Esta libreta igualmente tenía su glosario de palabras oficiales como “básico” y “no básico” y “dirigido” para el caso de los juguetes; además de producto “adicional” y “convoyado”, éste último un engendro satánico de mercado en que el consumidor para llevarse a casa algo que podría usar —como un cepillo para el cabello— tenía que pagar también por un guante de soldador (como ha relatado el periodista y escritor Andrés Reynaldo que le pasó a su madre).

La libreta de la comida creó un curioso código de comunicación que le otorgó a los alimentos una extraña condición ambulatoria, de vida (como la electricidad… ¡se fue la luz… vino la luz!). “Llegó la carne… no vino la manteca… el picadillo está por Luyanó”, eran frases que decía la gente según la circunstancia de la distribución del producto, como si los alimentos tuviesen una capacidad de locomoción per se y estuviesen vivos. Otras expresiones, como “me toca la carne”, “alcancé el plátano”, “busca la leche”, "trae el pescado" o “cogí la yuca”, sacadas de contexto primordial, se convertían en alusiones eróticas —a veces inexplicablemente sublimadas— del florido doble sentido tropical del cubano.

Más allá del lado trágicamente divertido del asunto, la eliminación de la libreta no es un paso de avance ni la remoción de una piedra en el camino que impide la transformación de la revolución como pretendió en su sofista explicación el abominable Lázaro Barredo, quien además tuvo el cinismo de pintar al documento casi como una de malcriadez del pueblo cubano o una dádiva inmerecida y, para colmo, legada por un poder o gobierno ajeno. Es todo lo contrario; tienen que quitar la libreta porque les resulta imposible sostenerla. Los costos subsidiados de los pocos alimentos que le “tocaba” a la gente no cubren los gastos de las fuentes y el tránsito y distribución de los productos frente a los costes actuales y, además, la producción de esos alimentos tiene un origen distinto al de las otras cosas que van a parar a los “mercados libres”, al tiempo que cada vez se reduce más y más su producción.

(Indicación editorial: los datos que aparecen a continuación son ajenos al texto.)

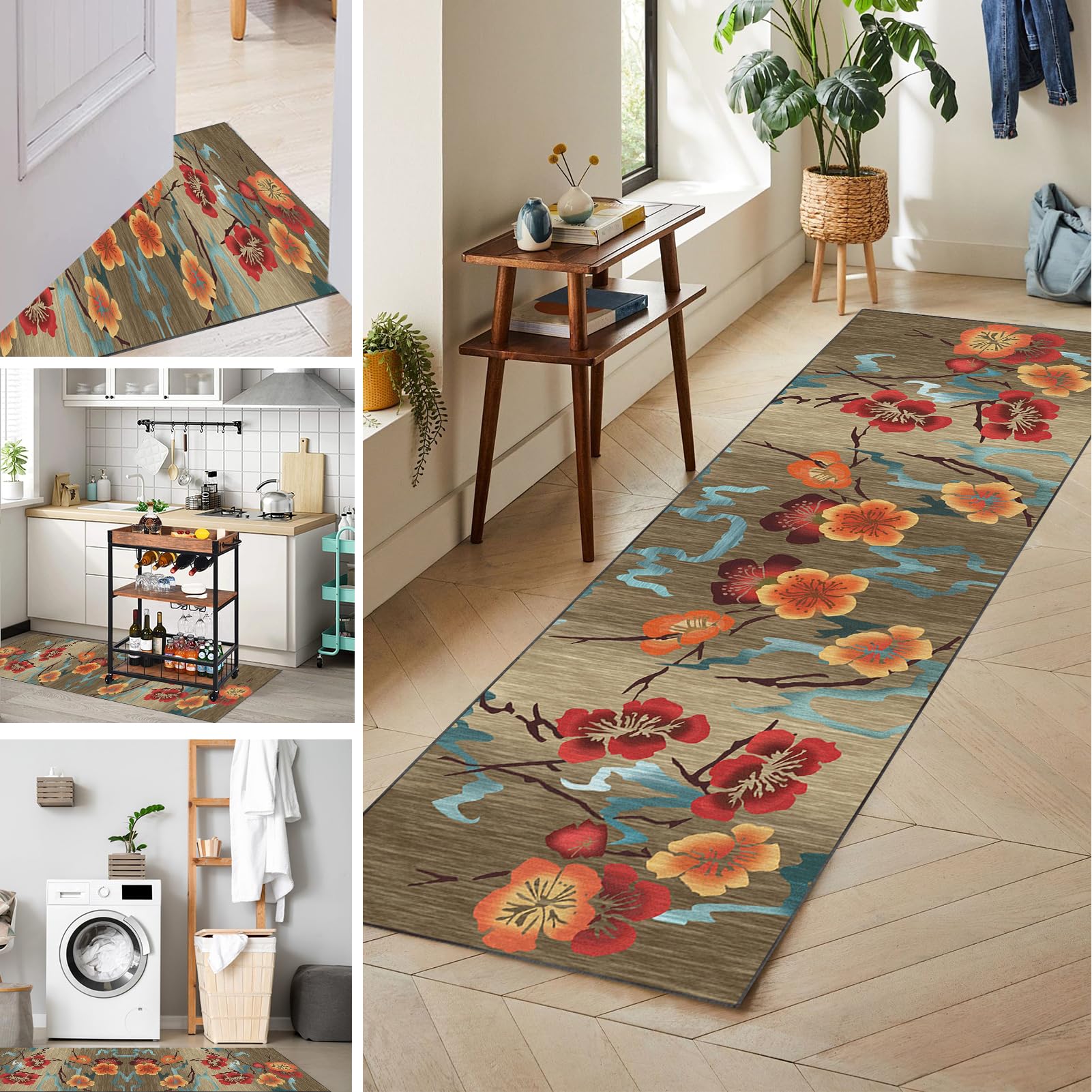 Alfombra de pasillo larga moderna de 40 x 220 cm, alfombra cocina lavable y antideslizante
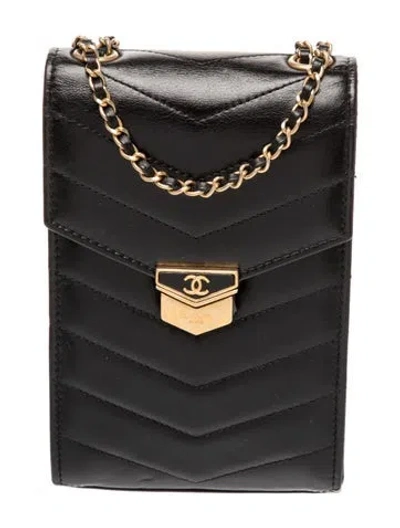 Pre-owned Chanel Mini Medal Clutch W/ Chain In Black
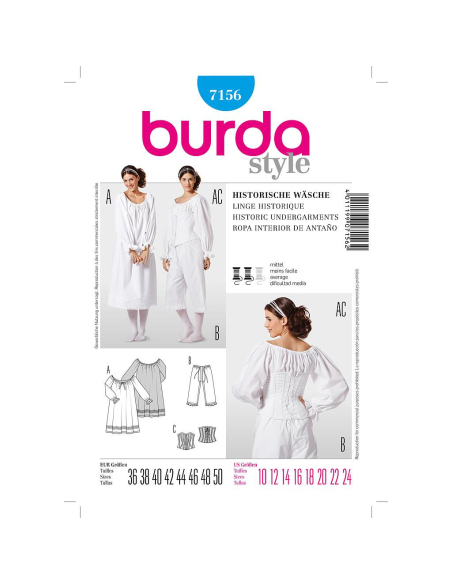 Patron Burda Carnaval 7156 - Déguisement Historique Sous - Vêtements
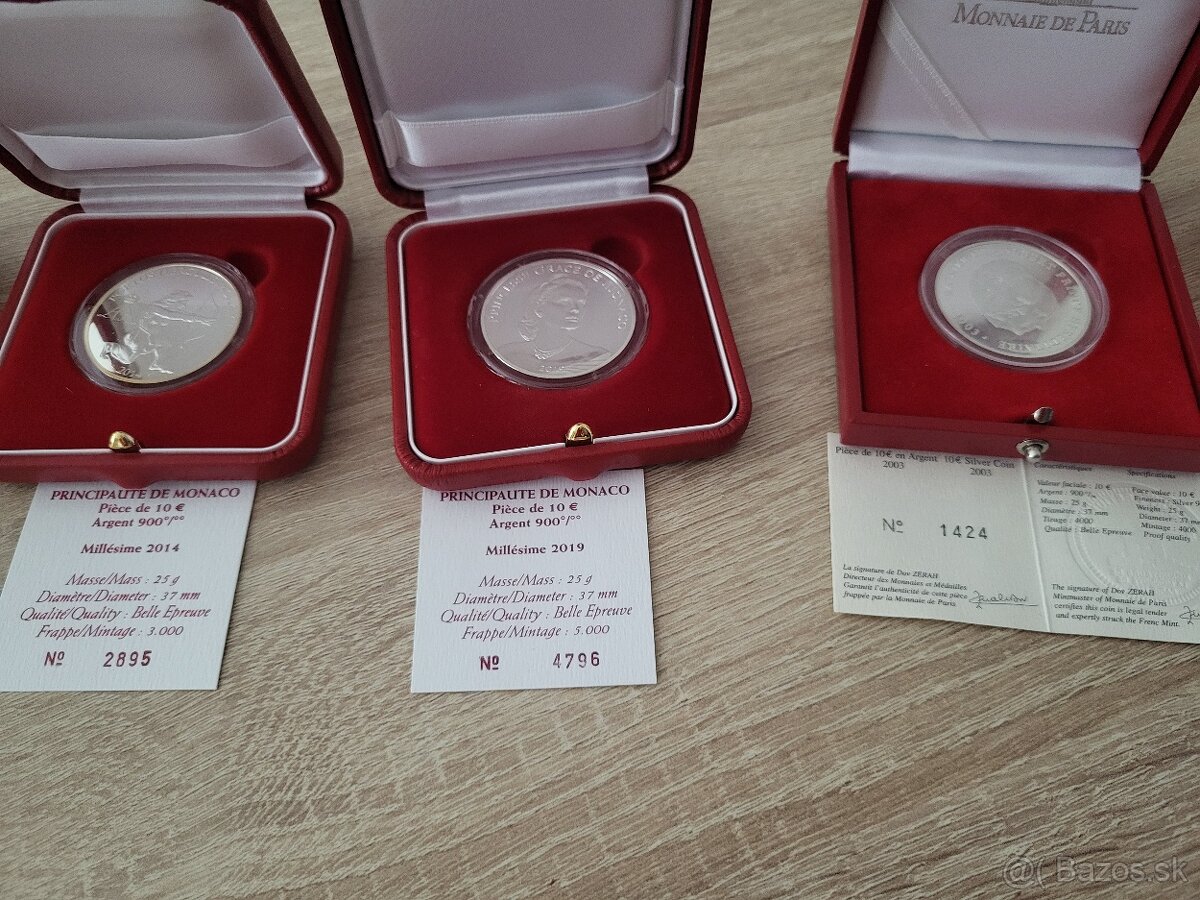 Strieborné mince monaco - 3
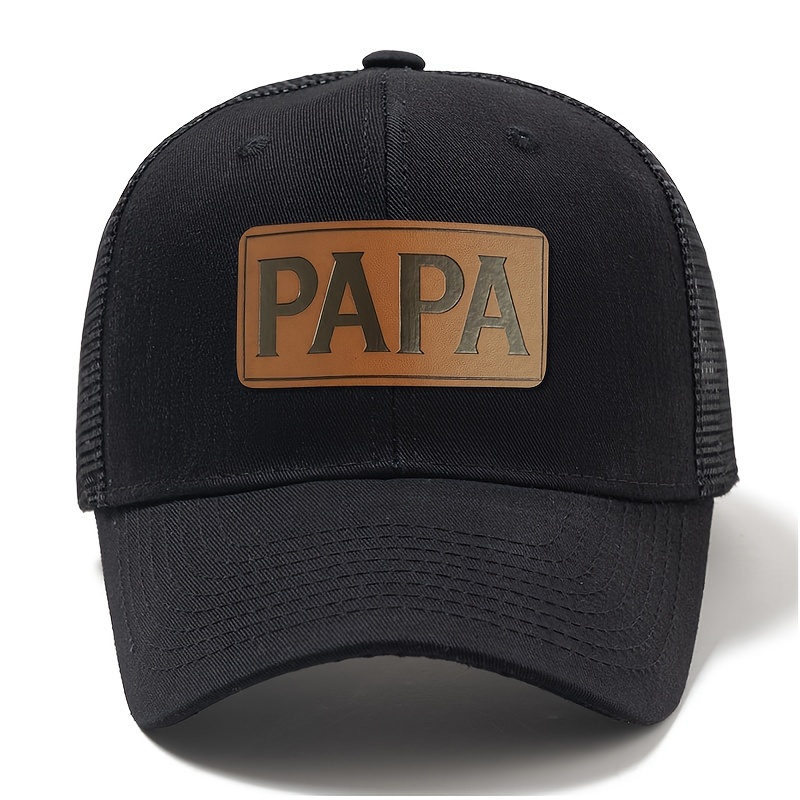 Image of Papa Label Baseball Cap For Men, Father, Dad, High-quality Summer Mesh Sun Hat, Outdoor Sports, Leisure, Camping, Hip-hop Hat, Dad Trucker Baseball Cap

La gravedad del asunto está en que aunque mucha gente —y con razón— dice que la libreta ya no tiene sentido porque “a la bodega no llega casi nada”, hay un sector de la población , el más vulnerable, acaso la demográfica negra cubana o la ciudadanía de la tercera edad, ESPECIALMENTE SI NO TIENE FAMILIARES EN ESTADOS UNIDOS o no logra acceso al dólar por sus propios medios, que literalmente podría morirse de hambre porque todavía depende de las cíclicamente empobrecidas raciones de la cartilla en vías de extinción.

A la larga, la Cuba comunista tendrá que imitar aunque muy deficientemente al capitalismo en la creación de un sistema semejante al de los foodstamps con tal de socorrer a esa gente. Esto es un trago amargo de dos sabores, como ocurre con los licores fuertes: uno, el viraje a una “fórmula” del capitalismo; dos, reconocer que la gente sin recursos en Estados Unidos y en otros países no queda abandonada.

La terminación de la libreta también nos deja a los de este lado un sabor de dos golpes más agrio aún, porque no ocurre como consecuencia de un verdadero cambio beneficioso del pueblo de Cuba o un retorno a la normalidad, sino al revés. La abolición de la libreta es un problema y una preocupación para la gente que la necesita. La otra razón para nuestro disgusto es que hasta los aparentemente impertérritos íconos de la Revolución van cayendo carcomidos por la propia corrosión del sistema… ¡mientras su arquitecto está vivo y asiste tranquilamente al funeral de sus creaciones!